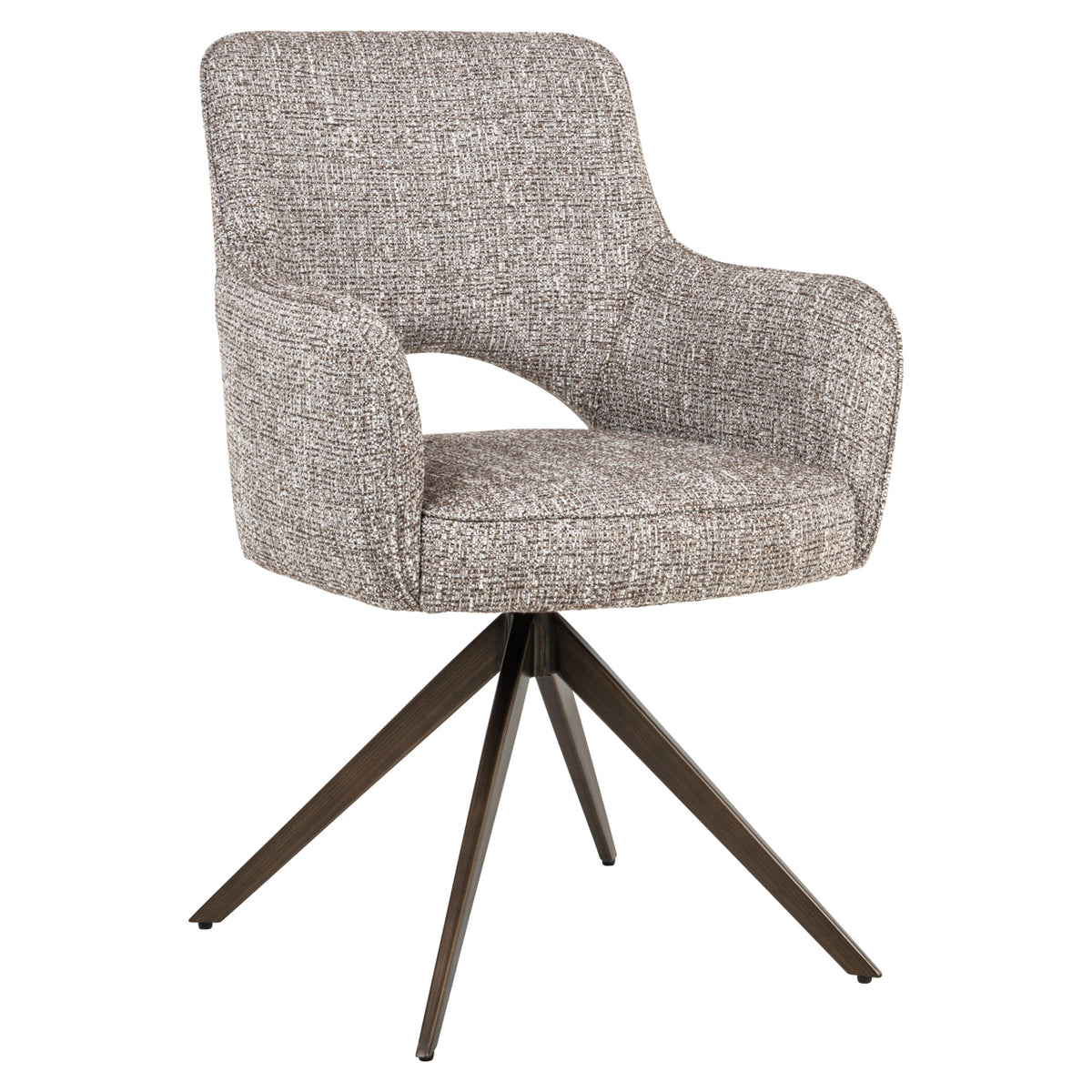Dining chair Ginerva earth tweed swivel by Richmond Interiors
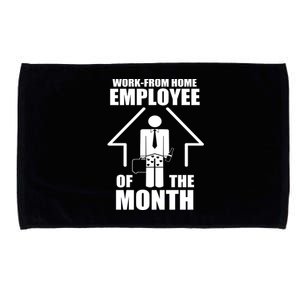 Work From Home Employee Of The Month Microfiber Hand Towel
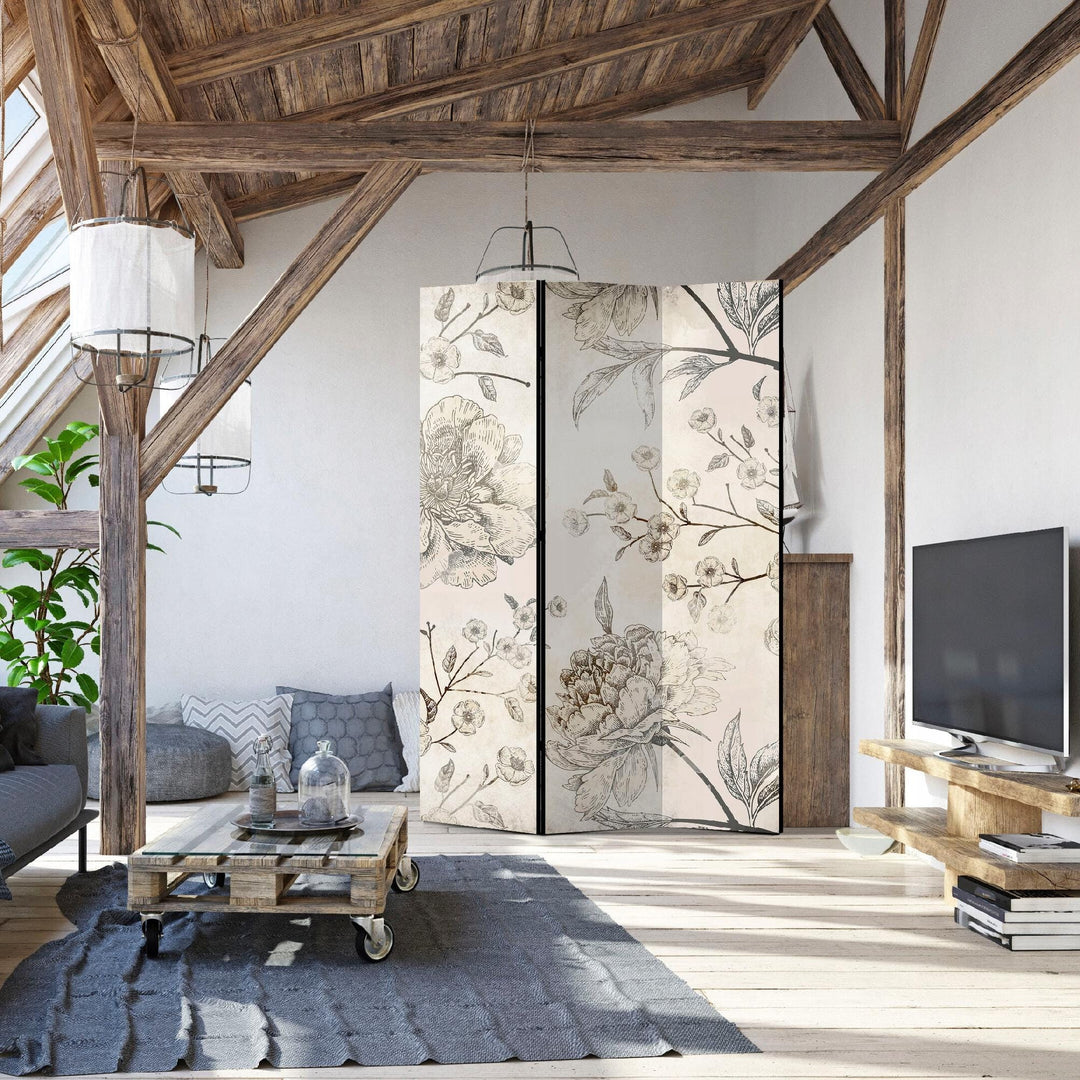 Vienpusējs aizslietnis, 135x172, Vintažas ziedu elegance L-ART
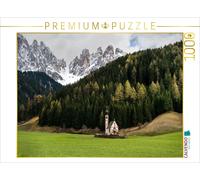 CALVENDO Puzzle St. John in Ranui Kirche, Dolomiten | 1000 pieces, finished size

.....

● Task prompt:
Please copy the lines above, starting at the one that holds "Vienpusējs aizslietnis, 135x172, Vintažas" and stopping after the last line, exactly as they appear and minus the pictures.

● Written answer:
 Vienpusējs aizslietnis, 135x172, Vintažas ziedu elegance L-ART
 CALVENDO Puzzle St. John in Ranui Kirche, Dolomiten | 1000 pieces, finished size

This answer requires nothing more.